Researchers
Zhengyuan Zhu
Mark Kaiser
About the research
Winter highway maintenance is an annual multi-billion dollar operation aimed at improving the safety and mobility of the highway system. To help the winter highway maintenance agencies optimize the usage of resources, it is important to develop a performance measurement system that can evaluate how well maintenance activities have been performed. In Iowa Highway Research Board Project TR-491, researchers developed a performance measure based on average vehicle speed, which takes into account severity of the storm. The model uses six categorical variables to define a storm and compute the acceptable traffic speed drop.
A previous Iowa Department of Transportation (DOT) agreement developed a sequential Bayesian dynamic model based on the model in TR-491, which is capable of predicting the acceptable drops during the storm, and allow uncertainty in input variables (sensor measurements) to propagate into uncertainty in speed reduction. One limitation of the sequential Bayesian model is that its uncertainty measure does not account for model uncertainty and the uncertainty in human-weather interaction. The model in TR-491 is based on survey of expert opinion, and its uncertainty is not considered in the original development and our follow up work. The uncertainty in human behavior under different weather conditions is also not considered due to lack of time.
The Iowa DOT is interested in refining this sequential Bayesian model to produce more accurate real-time prediction of traffic speed drops with better uncertainty measures so that it can be used to evaluate the performance of snow/ice removal efforts and the effectiveness of different snow removal methods. Ultimately, the DOT is interested in using this model to help managers reallocate resources to optimize objective functions such as minimizing the total costs or the speed drops. The DOT is interested in developing a dynamic model capable of predicting in real-time acceptable drops in traffic speed on highways during major weather events with realistic uncertainty measures. The primary usage of such model is to evaluate the performance of highway winter maintenance operations and optimize resource allocation.

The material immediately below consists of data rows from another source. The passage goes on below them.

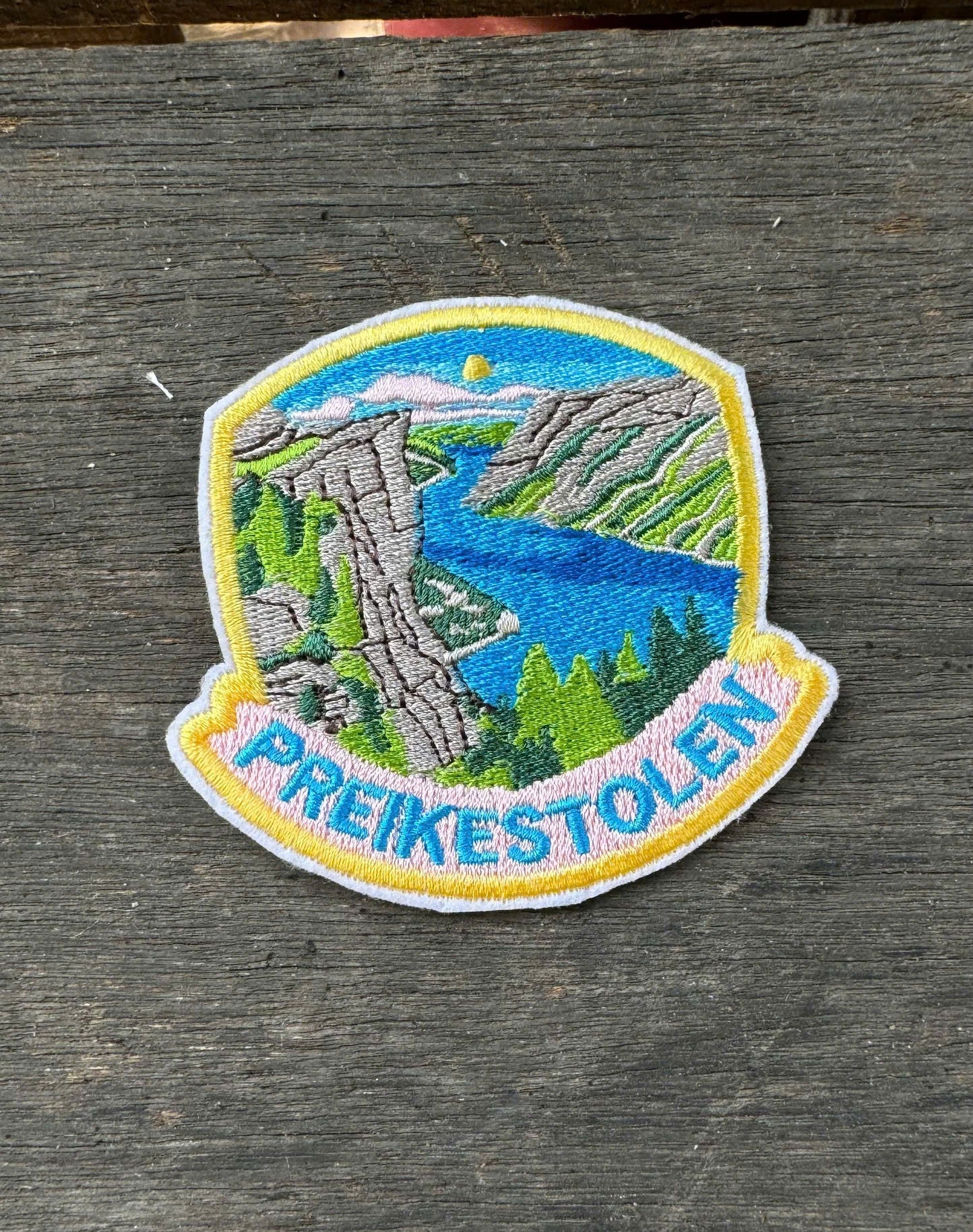 Embroidered patch of Preikestolen on a wooden surface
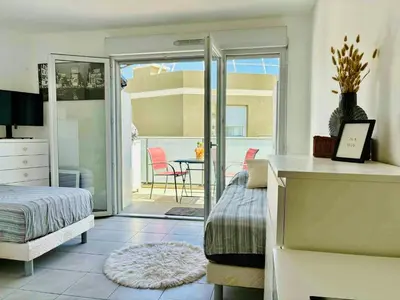 a bedroom with a bed and a sliding glass door at Cosy Apartment Vauban in Nice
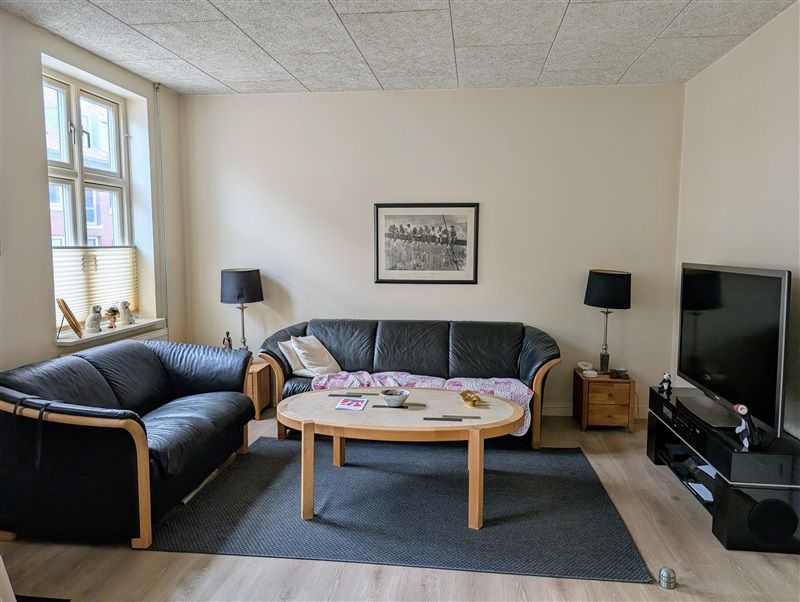 På dette foto ser du et lyse stue med to sort lædersofaer, en træbord, en tv og to lamper.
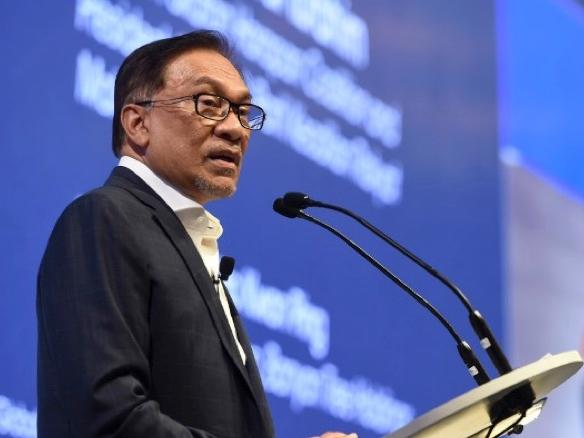 Anwar to focus on parliament reforms if elected; sanguine on Singapore relations
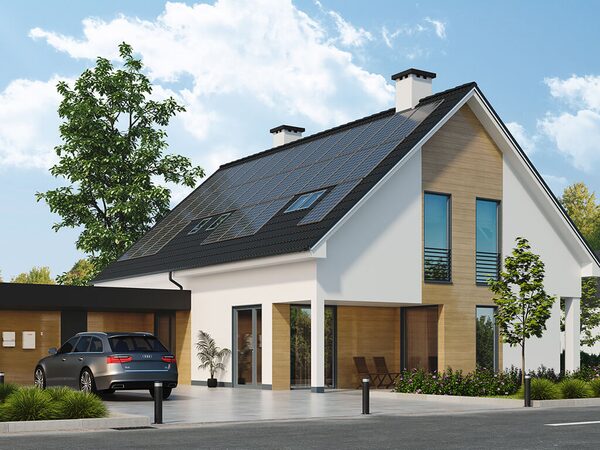 A modern house with solar panels on the roof and an electric car parked in the driveway
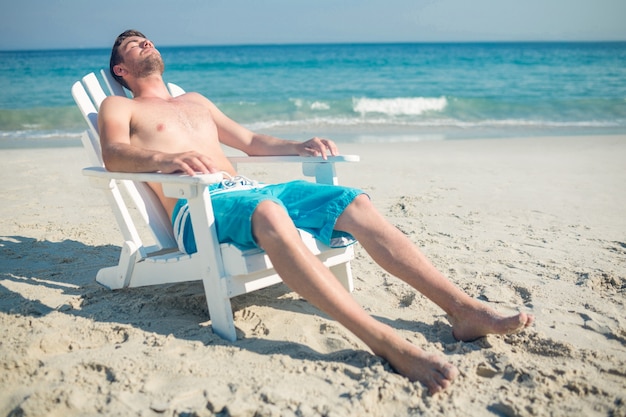 Mann, der auf Klappstuhl am Strand sich entspannt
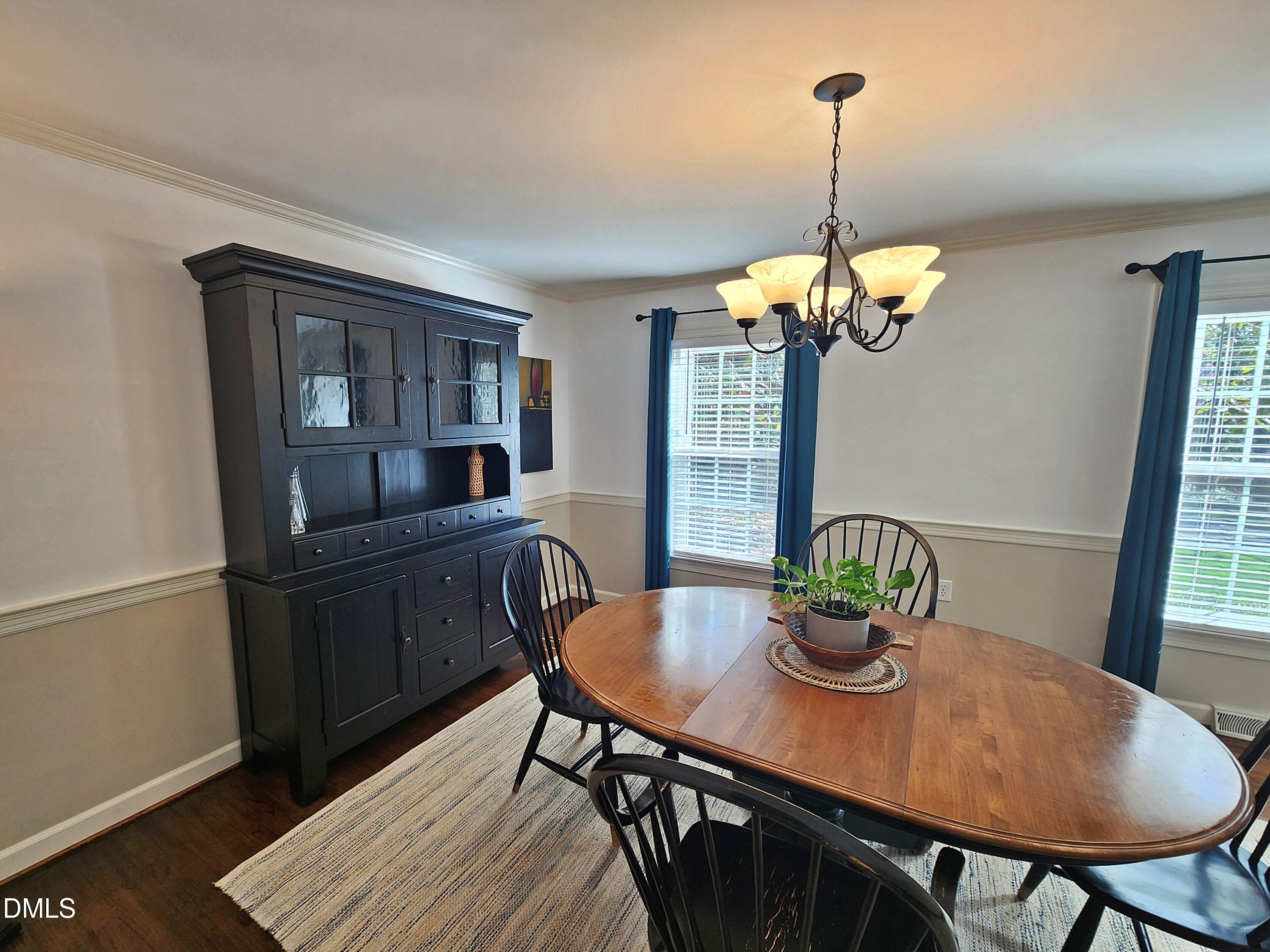 4704 Oak Park Road Raleigh, NC 27612 - Photo 22 of 62 a view of a dining room with furniture window and wooden floor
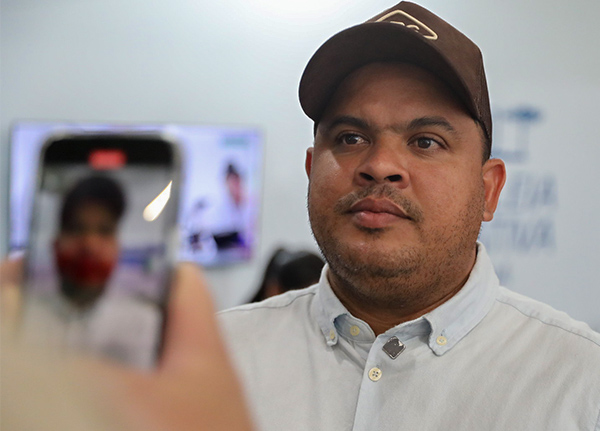 Man being filmed on a phone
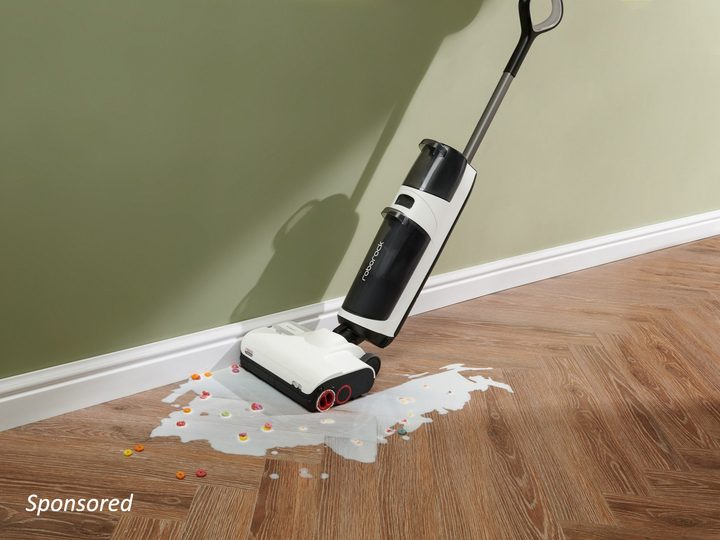 Roborock Dyad Pro cleaning up against baseboards wet spill sponsored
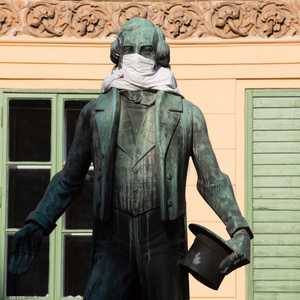 تمثال يوهان نيستروي في فيينا يرتدي قناعا خلال تفشي كورونا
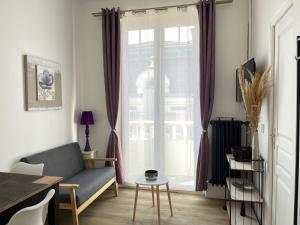 a living room with a couch and a window at Résidence Harmony in Vichy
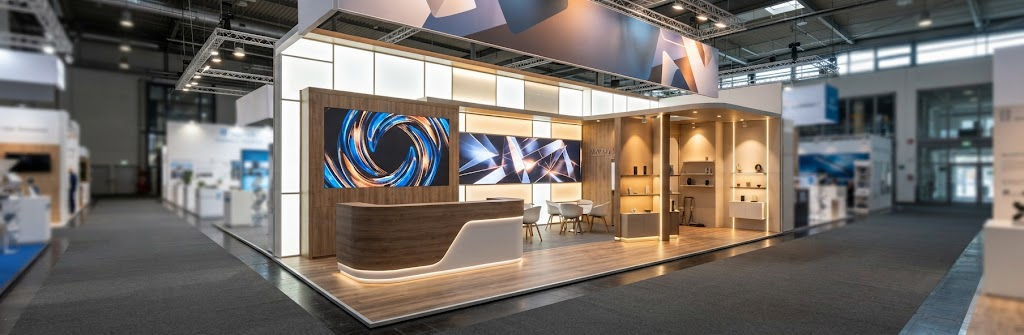 Modern exhibition stall design with lighting and display areas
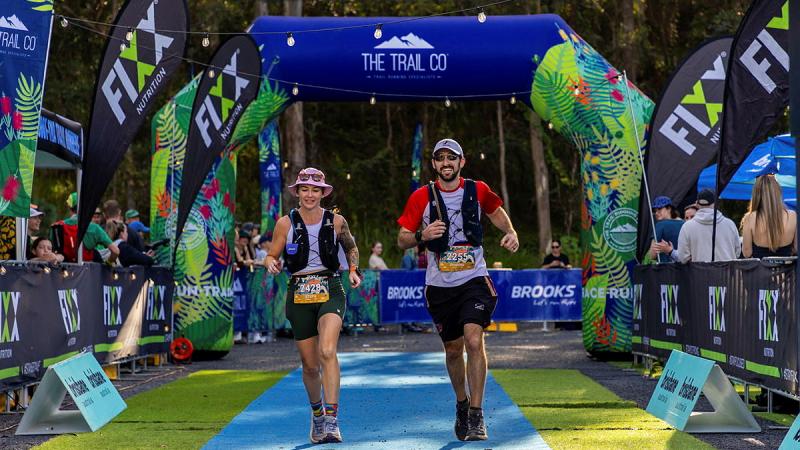 A man and a woman at the start of a race.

The researchers developed a model to relate weather variables to traffic flow changes at a local level. Weather station data and maintenance crew reports were used to develop an empirical adaptive stochastic model using a Bayesian formulation. Data from early time segments provide a prior quantification of the expected effects of weather variables on traffic speed over subsequent time segments. Data in the next time segment are then used to adjust these quantifications to reflect observed traffic speeds during that period. Thus, rather than explicitly determining numerous temporally dependent interactions, the main effects associated with key factors are allowed to undergo small shifts over time to fit the data. The model incorporates an autoregressive error structure to reflect temporal dependencies in observations that occur at reasonably high frequencies.